Once you've done all that, roll weekly on the table below:
|2||Catastrophe! Roll twice on the restock table and lose that many forces.|
|8-9||Roll once on the restock table. Recruit for losses only; do not gain extra forces.|
|10-11||Roll once on the restock table.|
|12||Roll twice on the restock table.|
|0||Appropriately-sized group of local fauna moves in. (E.g., horde of rats, 1 bear)|
|1||1 easy to find recruit. (E.g., 1 brigand)|
|2||1d6 easy to find recruits.|
|3||2d6 easy to find recruits, or 1 uncommon recruit. (E.g., 2d6 orcs, 1 gnoll)|
|4||1d6 uncommon recruits and 1d6 easy to find recruits.|
|5||Either 2d6 uncommon recruits or 1 rare recruit, and 1d6 easy to find recruit. (E.g., 2d6 ogres or 1 werewolf, plus 1d6 brigands)|
|6||Roll twice more.|
|7||1d6 rare recruits and 1d6 easy to find recruits.|
|8||1d6 rare recruits, 1d6 uncommon recruits, and 1d6 easy to find recruits.|
|9||1d6 rare recruits, 2d6 uncommon recruits, and 1d6 easy to find recruits.|
|10||2d6 rare recruits, 1d6 uncommon recruits, and 2d6 easy to find recruits.|
|11||2d6 rare recruits, 2d6 uncommon recruits, and 3d6 easy to find recruits.|
|12||2d6 rare recruits, 3d6 uncommon recruits, and 3d6 easy to find recruits. Alternatively, 1 unique monster.|
Any new group will have only their own equipment and pocket-change as treasure, along with whatever was already in the room. (Plug for Dungeon Fantasy Adventures 1: it has a random pocket-change loot table in the back.) However, any new group that gets another batch of reinforcements will have appropriate treasure, to represent their successes.
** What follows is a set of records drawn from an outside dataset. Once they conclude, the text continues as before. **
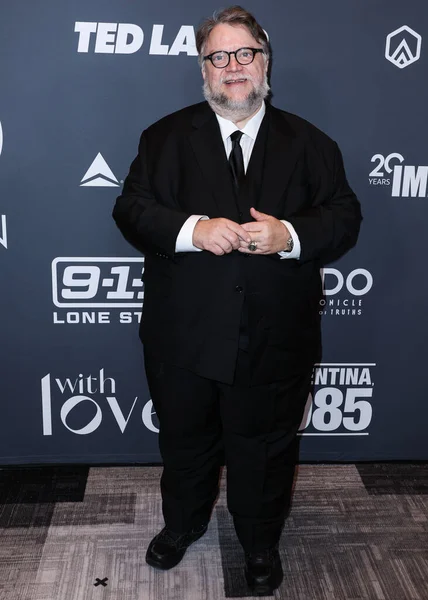 Μεξικανός Σκηνοθέτης Guillermo Del Toro Φτάνει Στο Critics Choice Associations — Φωτογραφία Αρχείου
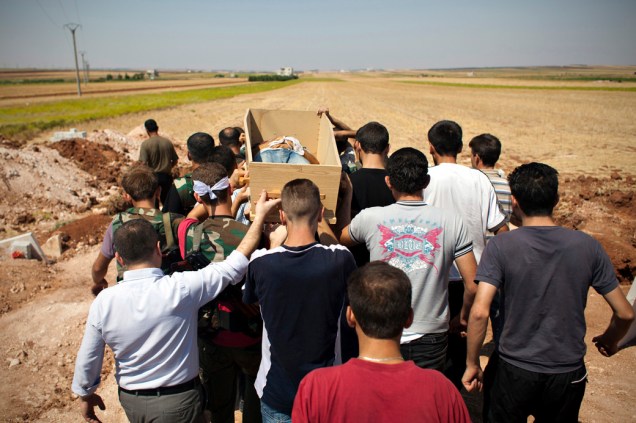 Familiares carregam o corpo do fazendeiro Omar Ismail Abdul Rahman, de 30 anos, que morreu lutando pelo Exército Sírio Livre no subúrbio de Salaheddin, em Alepo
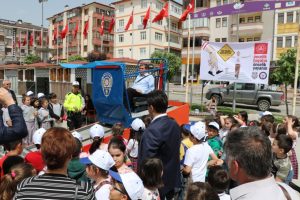 Safranbolu'da emniyet kemerinin &ouml;nemi sim&uuml;lasyon ile anlatıldı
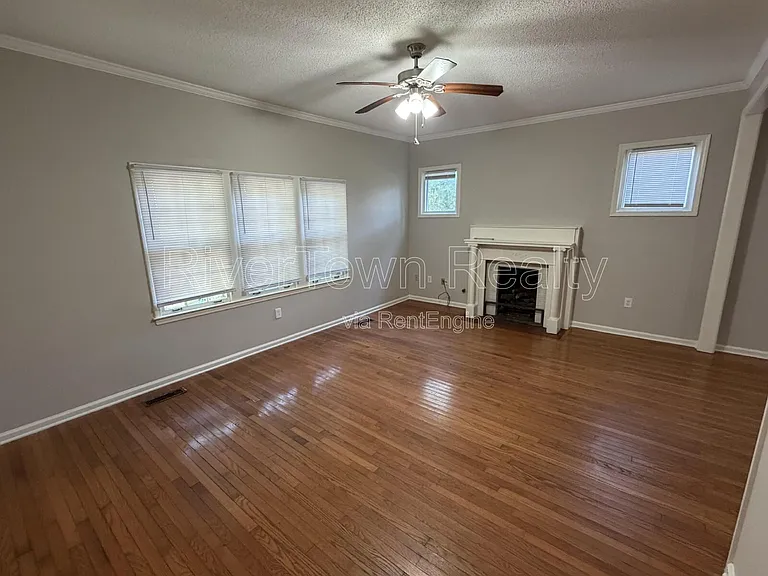 736 Echles St — Photo 2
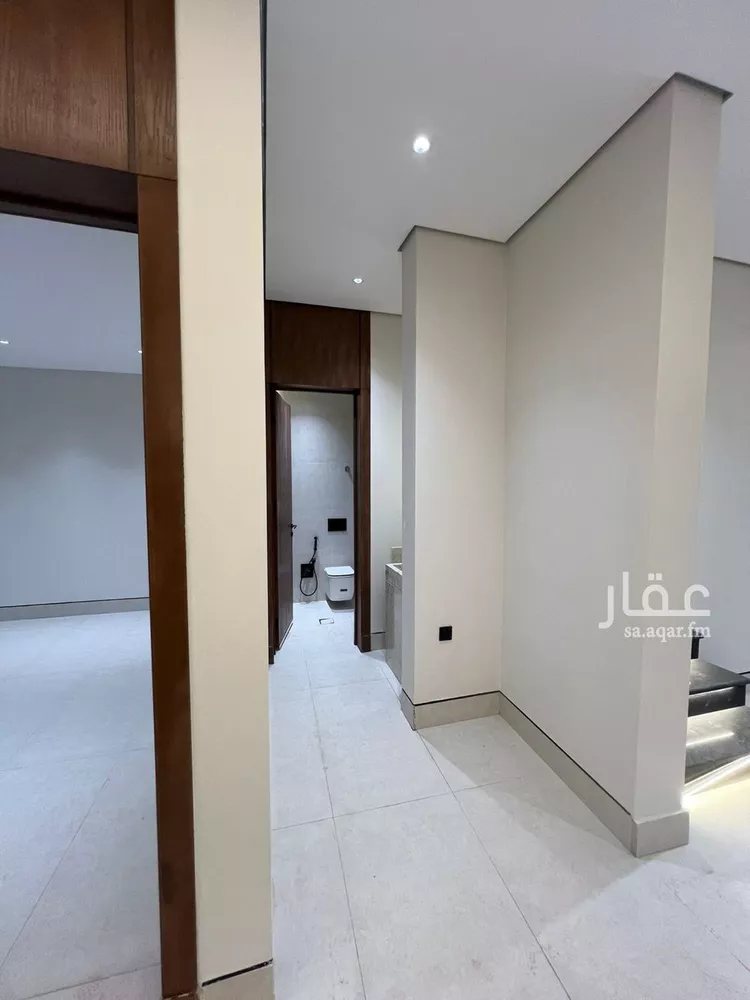 فيلا للبيع في شارع محمد بن أبي بكر القيم, حي المهدية, مدينة الرياض, منطقة الرياض 8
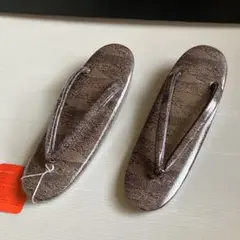 Item thumbnail for item 2923cbb4-ce9a-40f6-9878-17ecef248f64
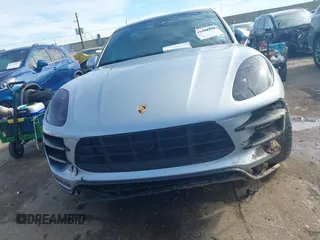 2015 Porsche Macan Turbo z VIN WP1AF2A5XFLB95717, wystawiony jako IAAI lot #41354991 z przebiegiem 122 663 mil mil oraz . Historia ofert i sprzedaży dostępna na DreamBid. Obrazek 12.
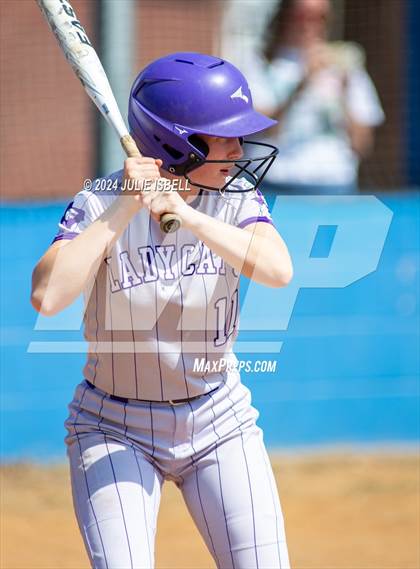 Thumbnail 3 in Evadale vs Big Sandy (Evadale Tournament) photogallery.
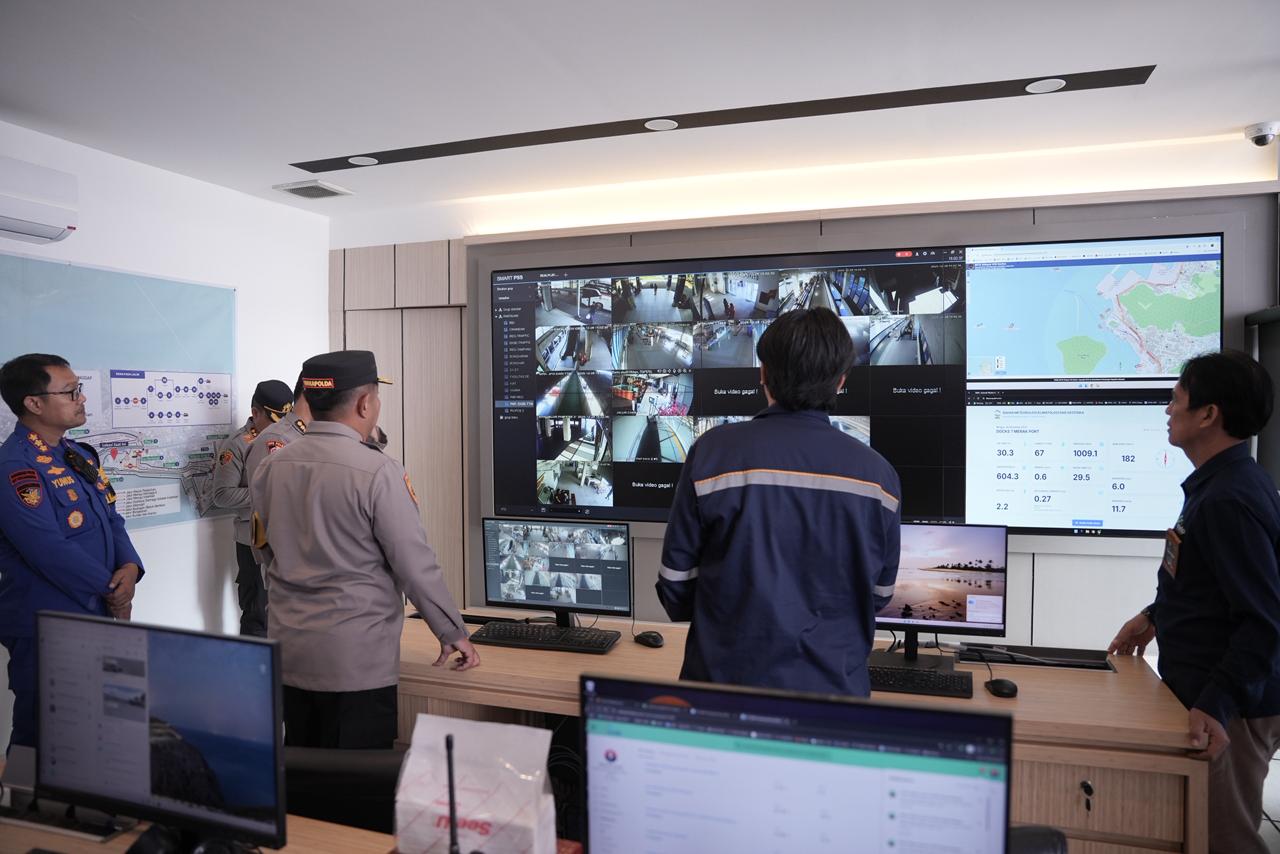 Wakapolda Banten Cek Situasi Pelabuhan Merak Melalui Pantauan CCTV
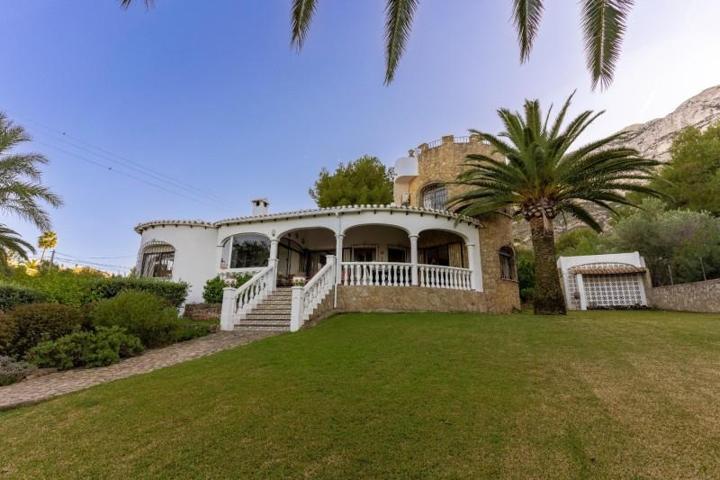 Chalet en venta en Denia photo 0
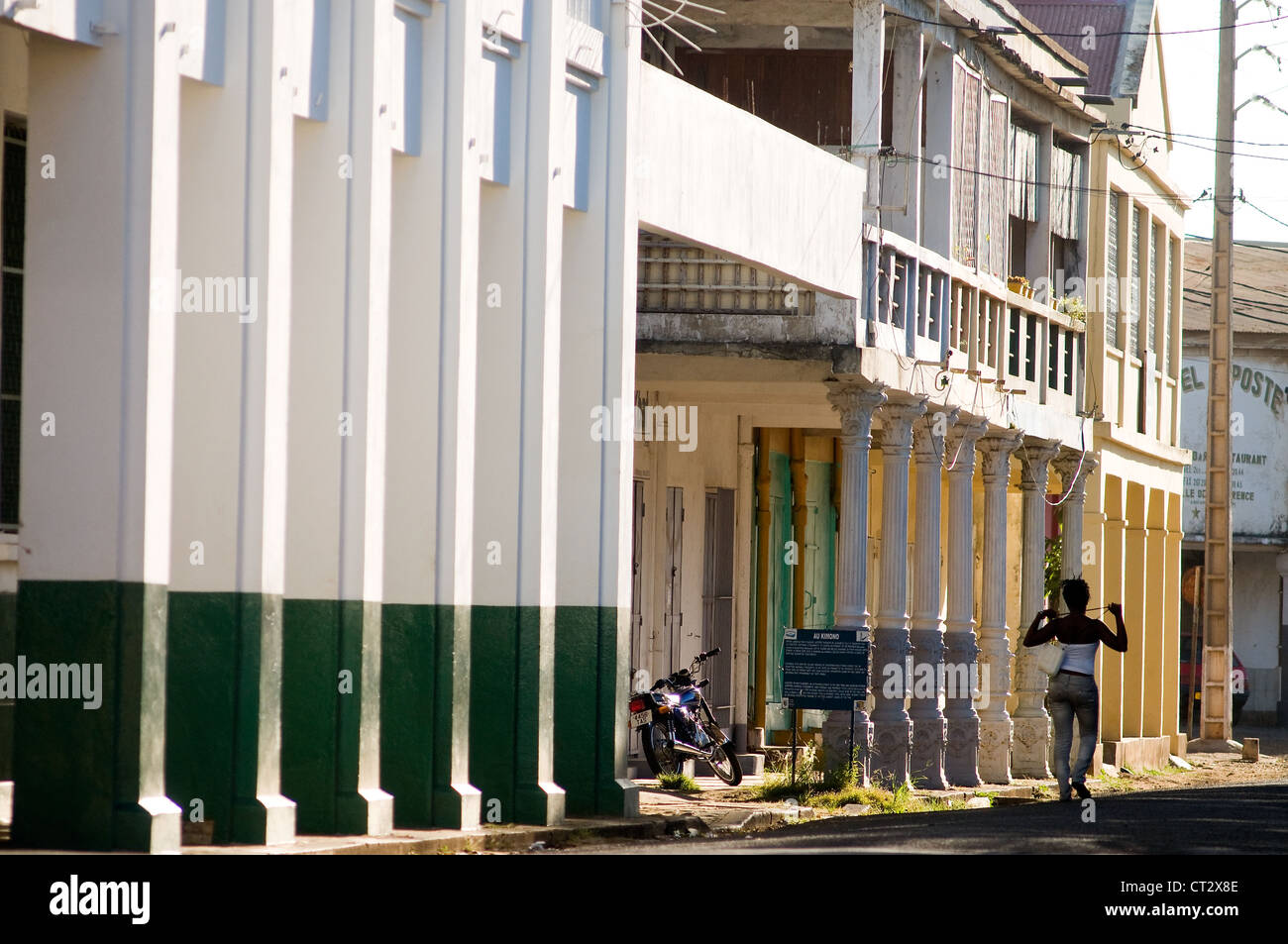 Les bâtiments coloniaux français avec colonnades, Diego Suarez Antsiranana, Madagascar / Banque D'Images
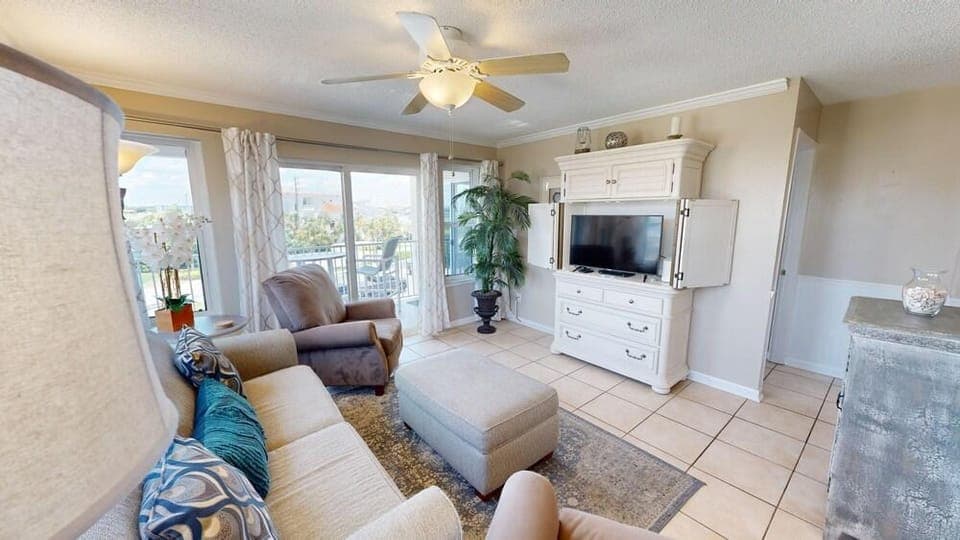 Poolside Villas 308 2 Bedroom Condo by RedAwning Hotel in Destin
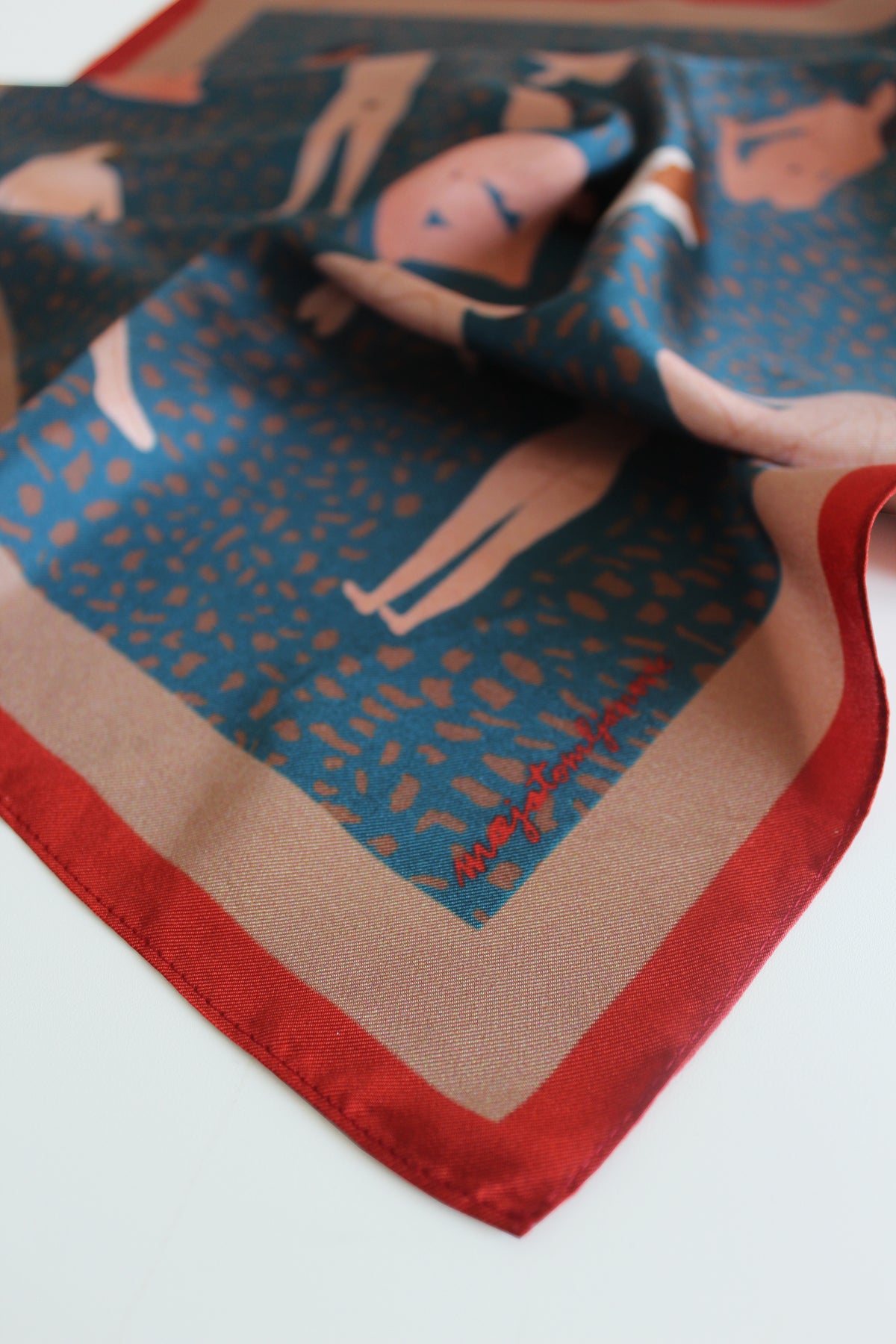 Naked Girls Scarf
Feel free to assign modifiers, especially to the second table's roll. If a section is particularly strong or well-known, it should get plusses, as everyone wants to join the winners. A weak section should get minuses. There might be situational modifiers as well - for example, the Cult of Our Aquatic Masters might get a hefty bonus after a local flood.
Consequences of Success
What happens when the PCs knock out a section? For 1d6 weeks, nothing. That area remains deserted. After that time is up, roll another d6. On a 6, a new faction takes up residence; make it roughly as strong as the surrounding factions. This can either be a completely new force, or defectors from the other factions making common cause and setting up their own power base. On any other roll, divide the empty area between the nearby factions. This will probably be a roughly equal division, but if one faction is significantly stronger than the others it might claim more. Move one or two groups from their current places in the section to the new area, but otherwise wait on restock rolls to add recruits.
The tables above aren't organized by foe difficulty, but instead by ease of recruitment based on the fuzzy factors of likelihood of joining the cause and the population of the realm around the dungeon. "Easy to find" doesn't mean "mook" and "uncommon" doesn't mean "worthy", though the categories probably roughly track one another. This reflects my bias that the behaviour of the world should track only loosely with the capability of the PCs. If you disagree, the wording is easy enough to switch, I think.
Where did these numbers come from? Nowhere. I thought them up out of the blue. If you're inclined, please playtest this and give me feedback, but use at your own risk. Still, I hope it's helpful, and I did at least familiarize myself with the probabilities involved beforehand.
Also, as an aside, does anyone know how to make tables in Blogger without editing the HTML? I'm fine with doing that, but it'd be nice if I needn't.